## Dataset content

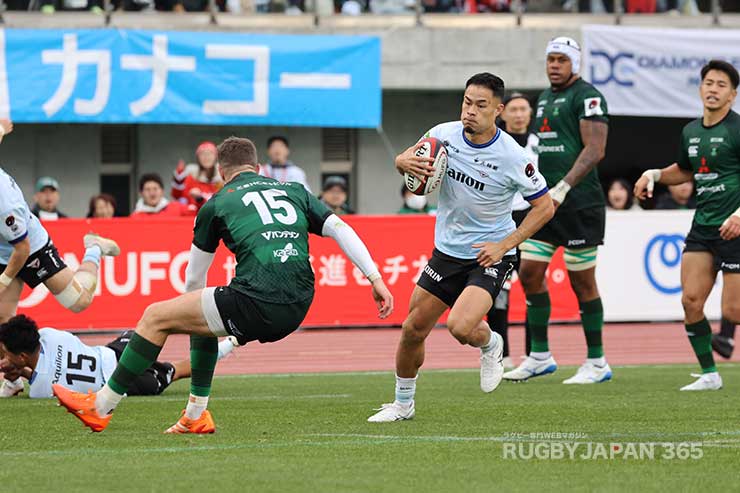 田村がグレイソンを交わしインゴールへ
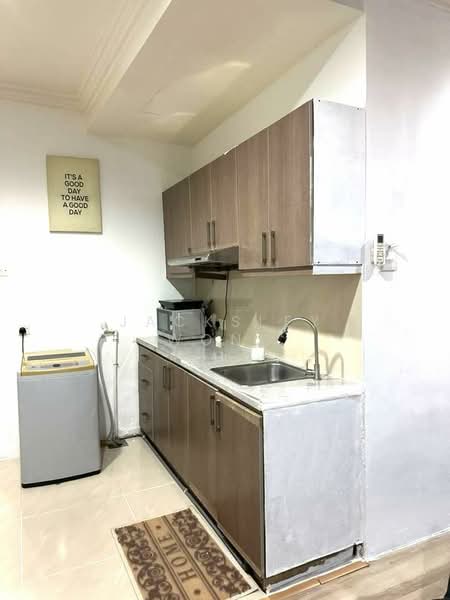 Servis Apartment untuk Disewa di Parkview Service Apartment - Jacksley Wong - Kitchen - PropertyGuru.com.my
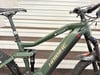 Ein grünes Haibike E-Bike mit Federung und Schriftzug auf dem Rahmen.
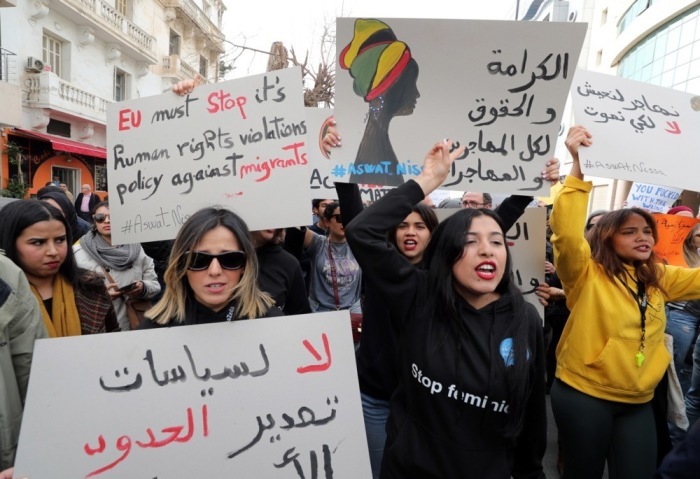 Menschen rufen bei einem Protest gegen den tunesischen Präsidenten Kais Saied nach dessen Äußerungen gegen afrikanische Migranten Parolen. Foto: epa/Mohamed Messara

## Work to complete
Copy exactly, and copy nothing else: the lines from the start of the data above through the line that holds "Ein grünes Haibike". The pictures stay out.

## Finished exercise
 田村がグレイソンを交わしインゴールへ
 Servis Apartment untuk Disewa di Parkview Service Apartment - Jacksley Wong - Kitchen - PropertyGuru.com.my
 Ein grünes Haibike E-Bike mit Federung und Schriftzug auf dem Rahmen.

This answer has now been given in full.